PMC is a Kuwaiti limited liability corporation owned by certain members of the Al Muhanna family, who reside in Kuwait. In or about July 2008, PMC responded to a request for proposal issued by DynCorp, a limited liability corporation with its principal place of business in Virginia, for work to be done on the renovation of villas in Iraq for the Iraqi judiciary. PMC's response to the request for proposal identified two PMC executives as points of contact: Hussein Fawaz, PMC's Managing Director, and Greg Byers, PMC's Theater Program Manager. Fawaz executed the proposal on PMC's behalf. DynCorp accepted PMC's proposal, and on October 20, 2008, PMC and DynCorp executed Subcontract 002 for the renovation of villas in Iraq for the Iraq judiciary.[2] Byers executed the subcontract on PMC's behalf, and was listed in Subcontract 002 as PMC's point of contact for DynCorp. It is undisputed that PMC itself did not perform any of the construction and renovation work associated with Subcontract 002; instead, PMC retained subcontractors to perform all the work.
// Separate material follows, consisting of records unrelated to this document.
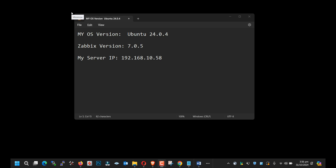Hello friends, how are you? In this video tutorial, I will guide you how to install Zabbix version 7.0.5 on Ubuntu 24.04.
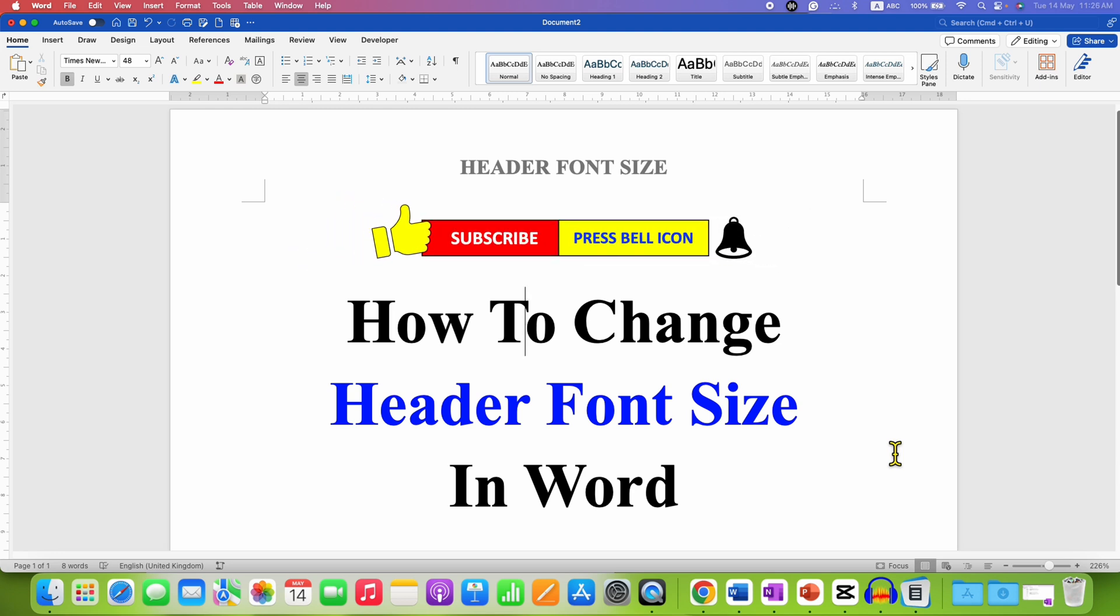Click on that like button, comment below and let me know if this video solved your problem. And don't forget to check out these useful videos related to header. Subscribe and press the bell notification icon if you want to learn more about Microsoft Word. See you again in the next one.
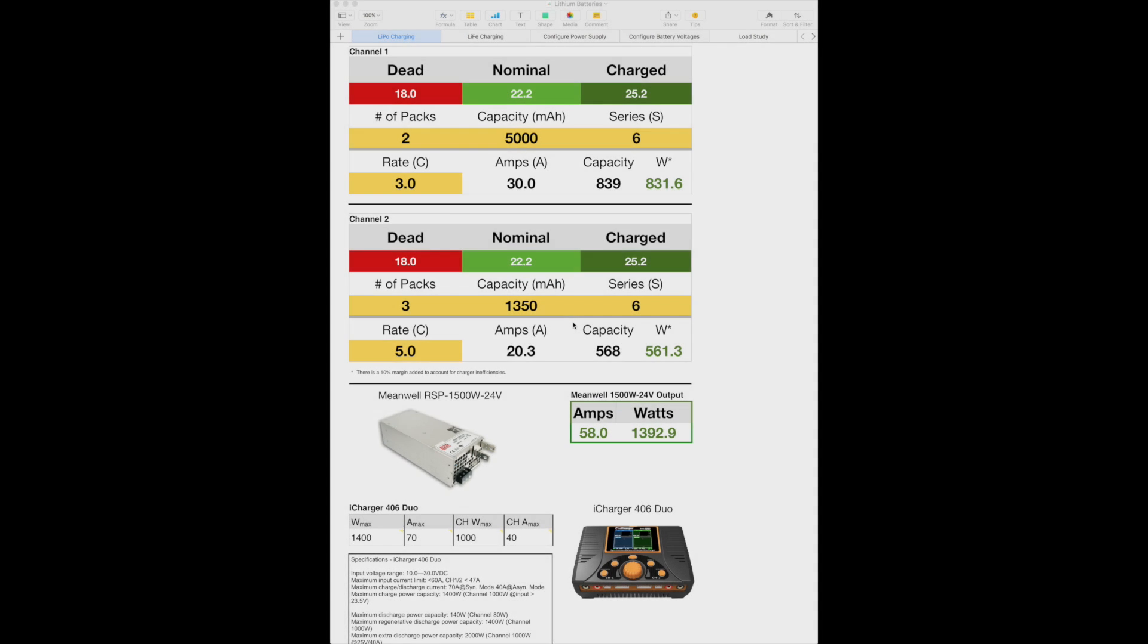Here's my charging spreadsheet that I created in order to use the new charging box that I have on order from Progressive RC. I configured it with the 406 Duo along with the meanwell 1500 watt 24 volt power supply. So let me show you how this spreadsheet works.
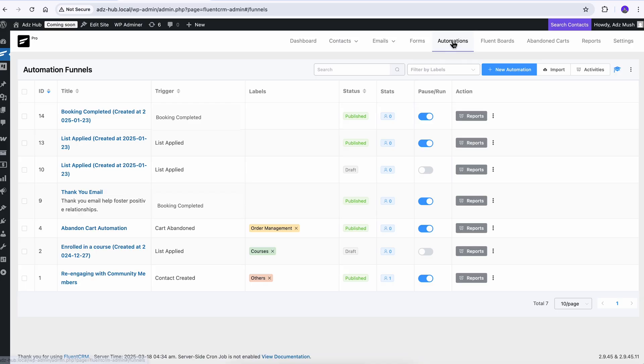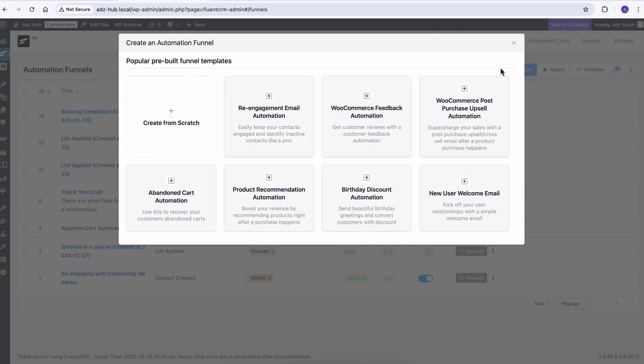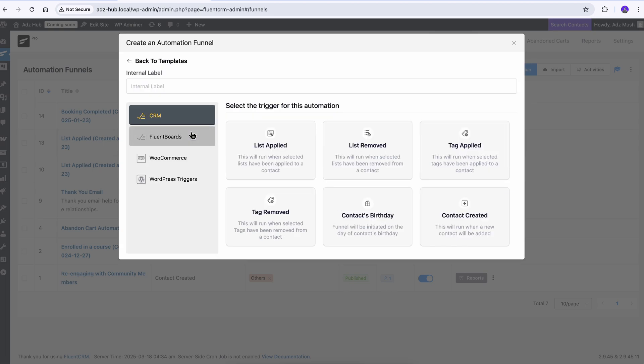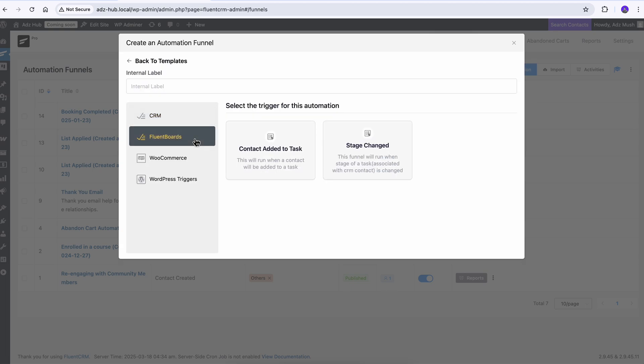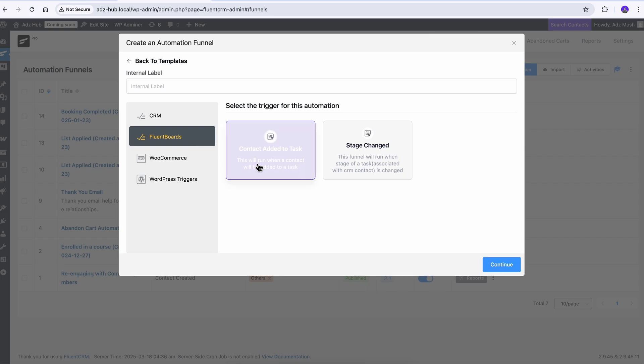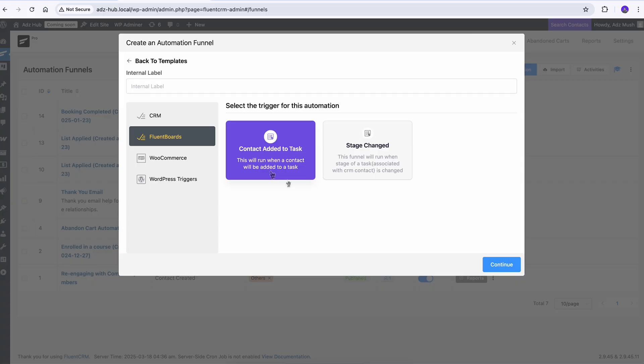Armed with all the client information I need, it's time to unlock the potential of automation. From the automation panel, select new automation and then go with creating one from scratch. Let's switch the tab to Fluent Boards to access the triggers. As I want my clients to get notified whenever I add them to a task, my pick is 'Contact Added to Task' — then Continue.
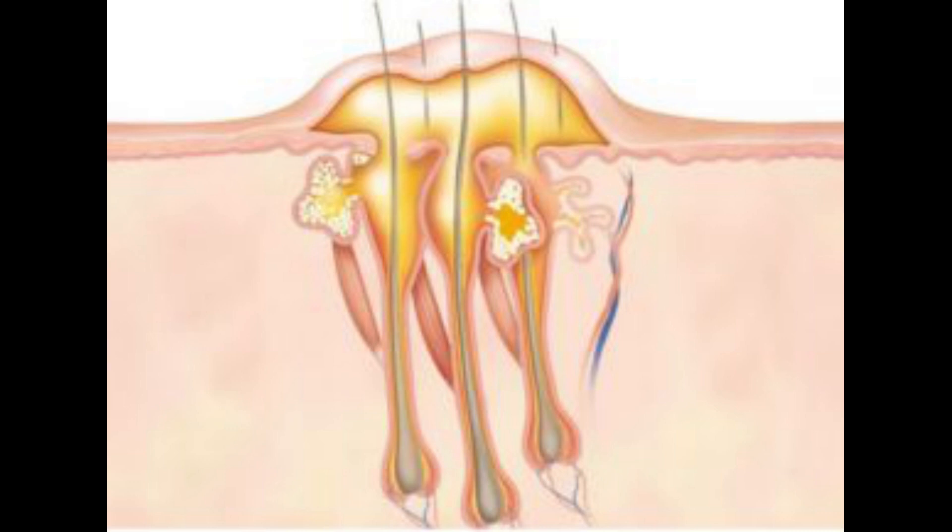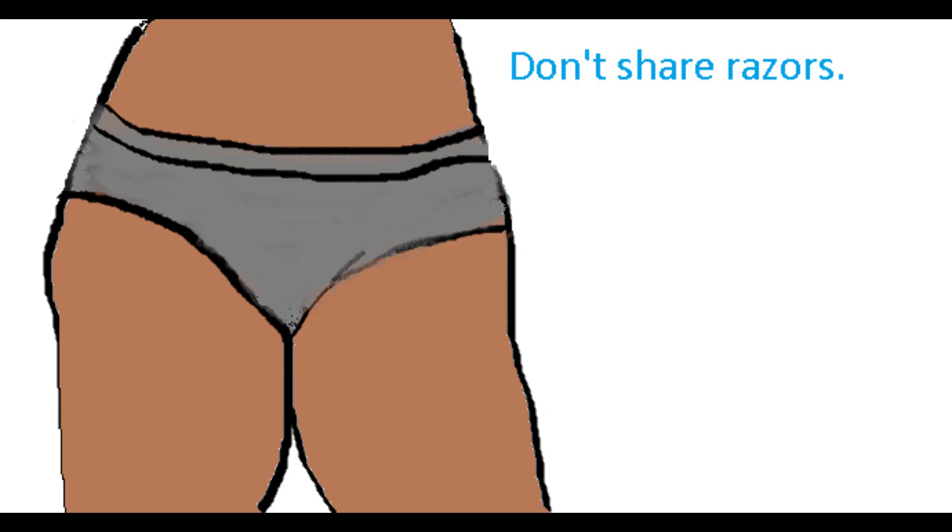Two, if you use a razor, be sure to use one that has no more than two or three shaves on it. Three, do not share razors ever. If you use a razor that has been used by someone else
Subcontract 002 provided with respect to payment that DynCorp would pay PMC's invoices by wire transfers made to PMC's bank account at the Kuwait Gulf Bank ("the Kuwait account"). These payment instructions were changed at the direction of Byers and Fawaz. On changed the payment instructions for Subcontract 002. The new payment instructions, as directed by Byers, stated that all payments on Subcontract 002 were to be made to a different account at the National Bank of Kuwait located in Beirut, Lebanon ("the Lebanon account"). Burton, by e-mail of the same date, asked Byers to bring the new banking instructions to Burton with the first invoice. On the same day, Byers complied with this request by delivering to Burton the first invoice under Subcontract 002 together with the new banking instructions designating the Lebanon account for payment of the invoice.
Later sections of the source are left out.